Abarim Publications' online Biblical Hebrew Dictionary
Scholars insist that the form חוה (hwh) occurs over three separate roots, which have nothing to do with each other. But anyone with some poetic merit will notice that the most fundamental idea beneath all three of these is the act of investing one's personal sovereignty into a living collective in order to form a symbiotic whole.
In nature this phenomenon occurs when molecules cluster up "voluntarily" to form living cells, or when many living cells form one organism or when many human minds form one living culture.
In the Bible this phenomenon is described most clearly in Genesis 2:7, where God gathers the dust of the earth into a viable composition and injects into it the breath of life. He performs the exact same miracle but at a different scale of complexity when he gathers the descendants of Abraham (who were to be like the dust of the earth; Genesis 13:16) into a viable composition and releases into that gathering the Spirit (Acts 2:1-2).

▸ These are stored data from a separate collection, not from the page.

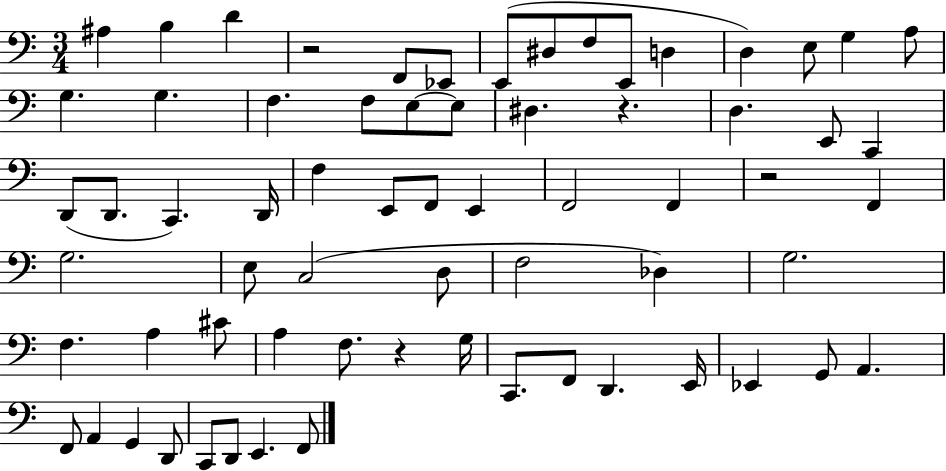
{
  \clef bass
  \numericTimeSignature
  \time 3/4
  \key c \major
  \repeat volta 2 { ais4 b4 d'4 | r2 f,8 ees,8 | e,8( dis8 f8 e,8 d4 | d4) e8 g4 a8 | \break g4. g4. | f4. f8 e8~~ e8 | dis4. r4. | d4. e,8 c,4 | \break d,8( d,8. c,4.) d,16 | f4 e,8 f,8 e,4 | f,2 f,4 | r2 f,4 | \break g2. | e8 c2( d8 | f2 des4) | g2. | \break f4. a4 cis'8 | a4 f8. r4 g16 | c,8. f,8 d,4. e,16 | ees,4 g,8 a,4. | \break f,8 a,4 g,4 d,8 | c,8 d,8 e,4. f,8 | } \bar "|."
} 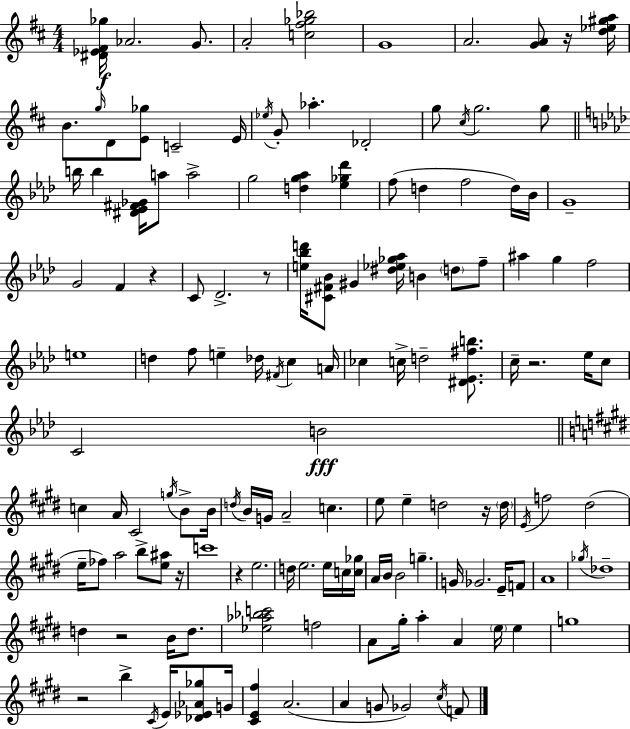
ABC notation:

X:1
T:Untitled
M:4/4
L:1/4
K:D
[^D_E^F_g]/4 _A2 G/2 A2 [c^f_g_b]2 G4 A2 [GA]/2 z/4 [d_e^ga]/4 B/2 g/4 D/2 [E_g]/2 C2 E/4 _e/4 G/2 _a _D2 g/2 ^c/4 g2 g/2 b/4 b [^D_E^F_G]/4 a/2 a2 g2 [dg_a] [_e_g_d'] f/2 d f2 d/4 _B/4 G4 G2 F z C/2 _D2 z/2 [e_bd']/4 [^C^F_B]/2 ^G [^d_e_g_a]/4 B d/2 f/2 ^a g f2 e4 d f/2 e _d/4 ^F/4 c A/4 _c c/4 d2 [^D_E^fb]/2 c/4 z2 _e/4 c/2 C2 B2 c A/4 ^C2 g/4 B/2 B/4 d/4 B/4 G/4 A2 c e/2 e d2 z/4 d/4 E/4 f2 ^d2 e/4 _f/2 a2 b/2 [e^a]/2 z/4 c'4 z e2 d/4 e2 e/4 c/4 [c_g]/4 A/4 B/4 B2 g G/4 _G2 E/4 F/2 A4 _g/4 _d4 d z2 B/4 d/2 [_e_a_bc']2 f2 A/2 ^g/4 a A e/4 e g4 z2 b ^C/4 E/4 [_D_E_A_g]/2 G/4 [^CE^f] A2 A G/2 _G2 ^c/4 F/2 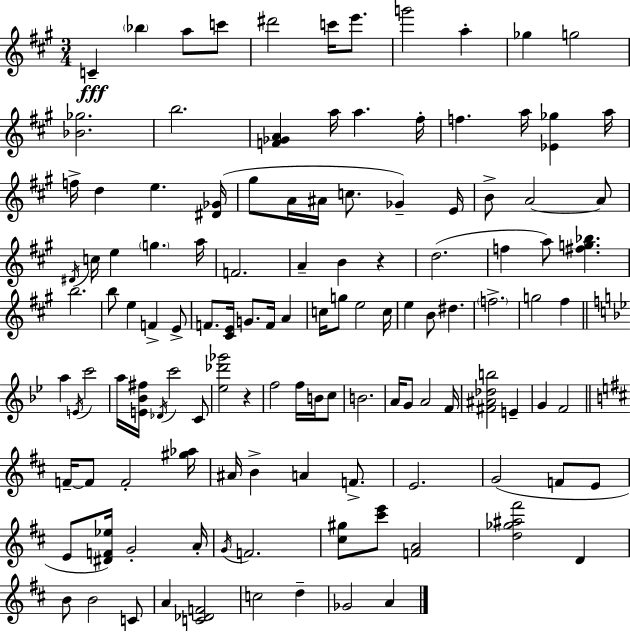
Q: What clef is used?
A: treble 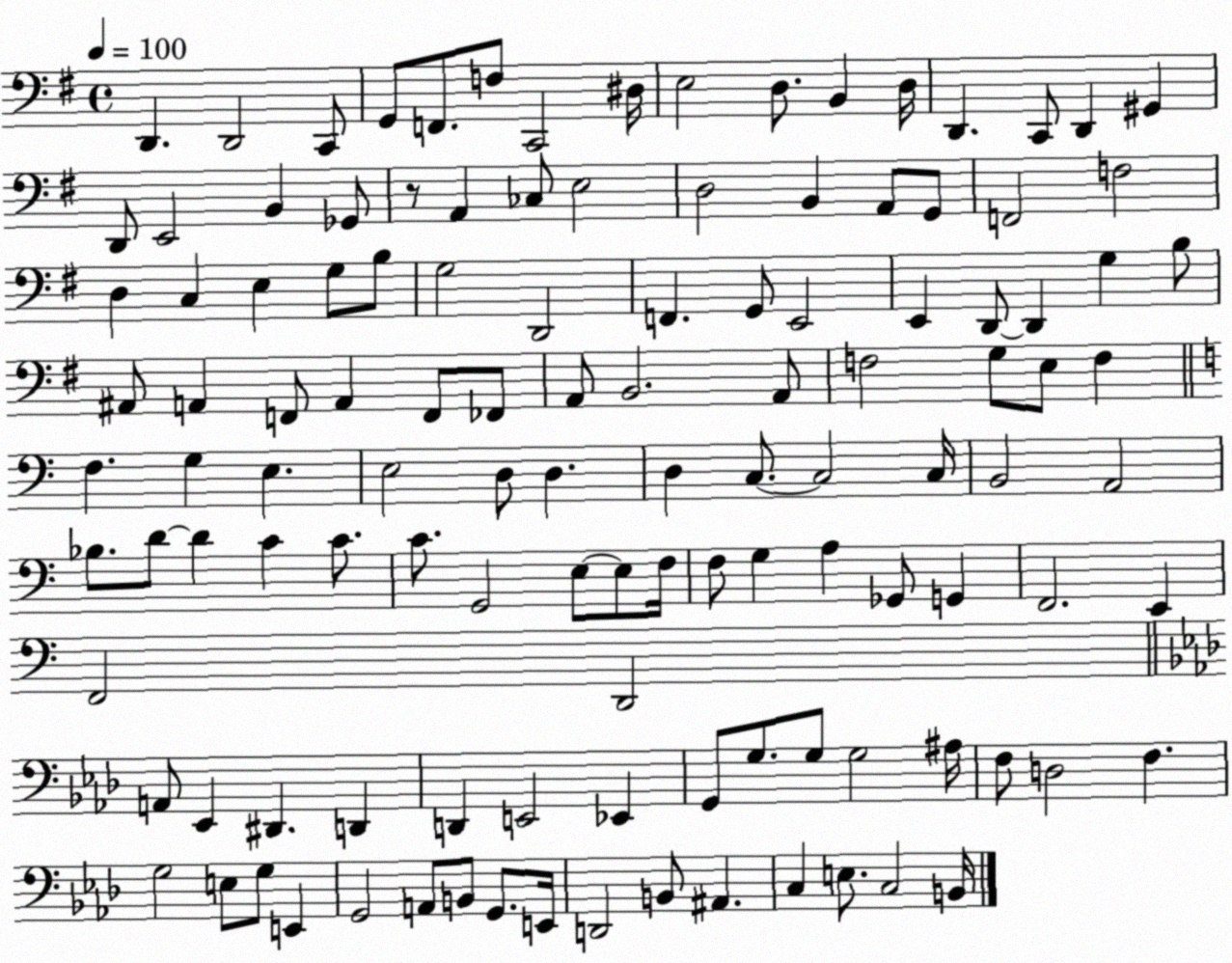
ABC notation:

X:1
T:Untitled
M:4/4
L:1/4
K:G
D,, D,,2 C,,/2 G,,/2 F,,/2 F,/2 C,,2 ^D,/4 E,2 D,/2 B,, D,/4 D,, C,,/2 D,, ^G,, D,,/2 E,,2 B,, _G,,/2 z/2 A,, _C,/2 E,2 D,2 B,, A,,/2 G,,/2 F,,2 F,2 D, C, E, G,/2 B,/2 G,2 D,,2 F,, G,,/2 E,,2 E,, D,,/2 D,, G, B,/2 ^A,,/2 A,, F,,/2 A,, F,,/2 _F,,/2 A,,/2 B,,2 A,,/2 F,2 G,/2 E,/2 F, F, G, E, E,2 D,/2 D, D, C,/2 C,2 C,/4 B,,2 A,,2 _B,/2 D/2 D C C/2 C/2 G,,2 E,/2 E,/2 F,/4 F,/2 G, A, _G,,/2 G,, F,,2 E,, F,,2 D,,2 A,,/2 _E,, ^D,, D,, D,, E,,2 _E,, G,,/2 G,/2 G,/2 G,2 ^A,/4 F,/2 D,2 F, G,2 E,/2 G,/2 E,, G,,2 A,,/2 B,,/2 G,,/2 E,,/4 D,,2 B,,/2 ^A,, C, E,/2 C,2 B,,/4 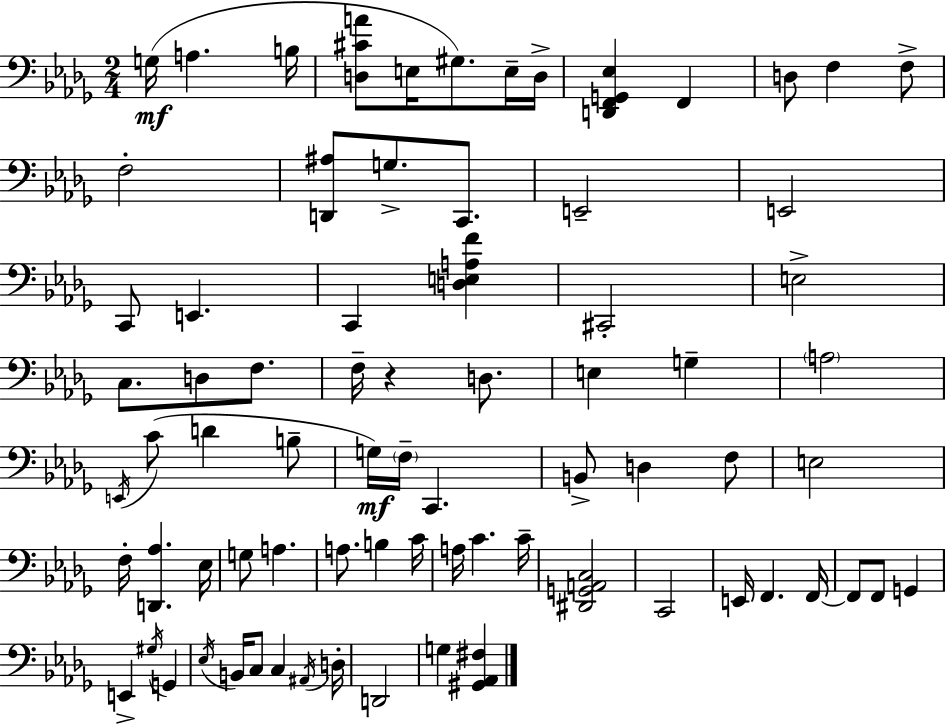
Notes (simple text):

G3/s A3/q. B3/s [D3,C#4,A4]/e E3/s G#3/e. E3/s D3/s [D2,F2,G2,Eb3]/q F2/q D3/e F3/q F3/e F3/h [D2,A#3]/e G3/e. C2/e. E2/h E2/h C2/e E2/q. C2/q [D3,E3,A3,F4]/q C#2/h E3/h C3/e. D3/e F3/e. F3/s R/q D3/e. E3/q G3/q A3/h E2/s C4/e D4/q B3/e G3/s F3/s C2/q. B2/e D3/q F3/e E3/h F3/s [D2,Ab3]/q. Eb3/s G3/e A3/q. A3/e. B3/q C4/s A3/s C4/q. C4/s [D#2,G2,A2,C3]/h C2/h E2/s F2/q. F2/s F2/e F2/e G2/q E2/q G#3/s G2/q Eb3/s B2/s C3/e C3/q A#2/s D3/s D2/h G3/q [G#2,Ab2,F#3]/q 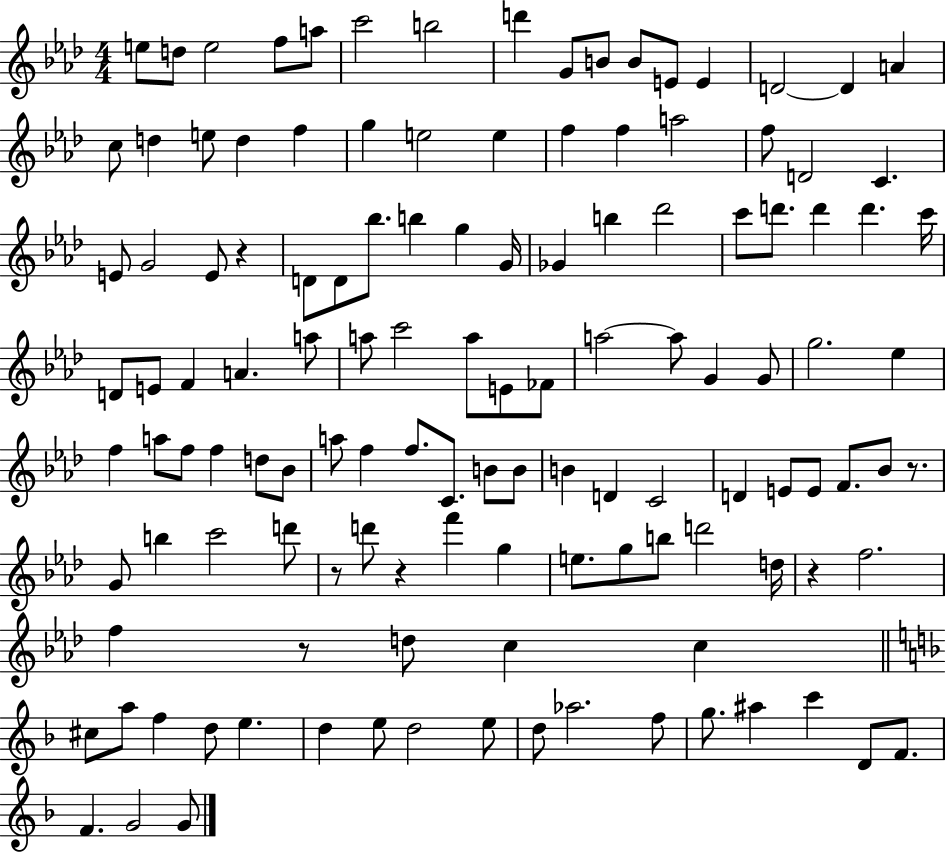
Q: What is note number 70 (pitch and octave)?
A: A5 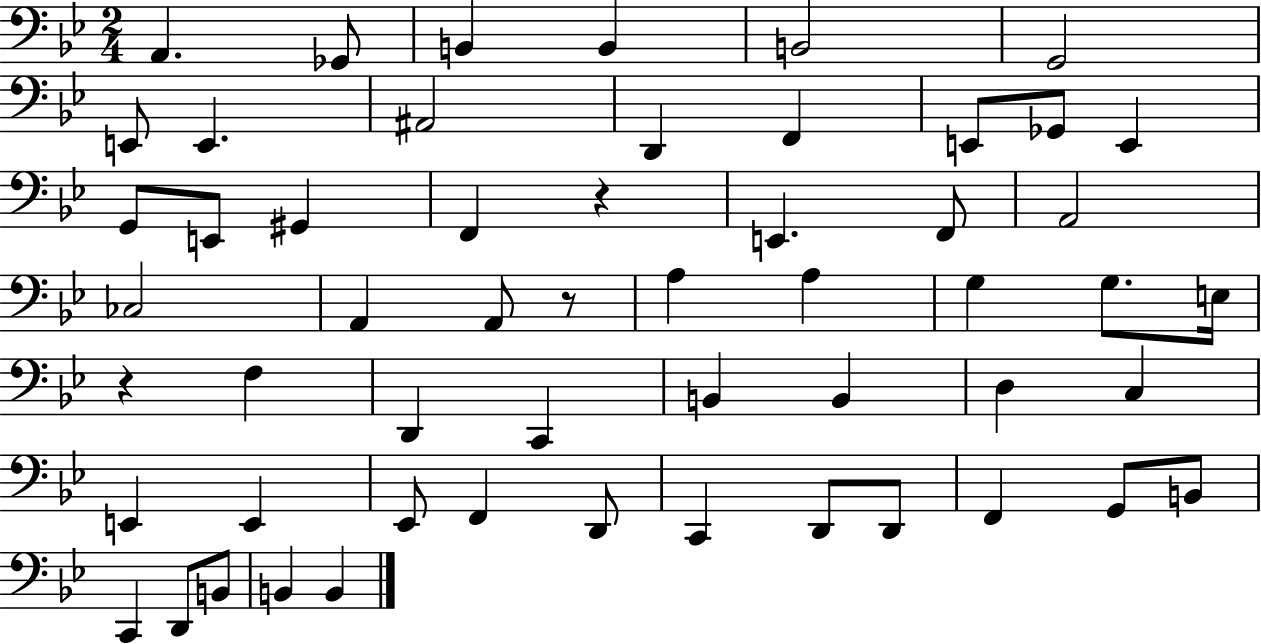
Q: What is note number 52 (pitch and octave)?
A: B2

The root חוה (hwh) is unused in the Bible, so we don't exactly know what it means. But BDB Theological Dictionary reports of an identical verb in Arabic that means to collect or gather. The derived feminine noun חוה (hawwa), means tent-village (Deuteronomy 3:14, Joshua 13:30).
The verb חוה (hawa II) meaning to show, tell, make known. This Hebrew verb occurs six times in the Bible (mostly in Job: Job 15:17, 32:6) but the Aramaic equivalent (also spelled חוה, hawa) occurs fourteen times in the Book of Daniel (Daniel 4:2, 5:7). Its obvious derivative אחוה ('ahwah), meaning declaration, occurs once, in Job 13:17. Note that this noun is spelled identical to the noun אחוה ('ahawa), meaning brotherhood.
The verb חוה (hawa III) meaning to prostrate oneself, specifically out of sheer politeness (Genesis 18:2, 23:7), in submission to a superior (Exodus 11:8, Esther 3:2) or in worship of God (Judges 7:15, 1 Chronicles 29:20). This verb occurs 170 times in the Bible.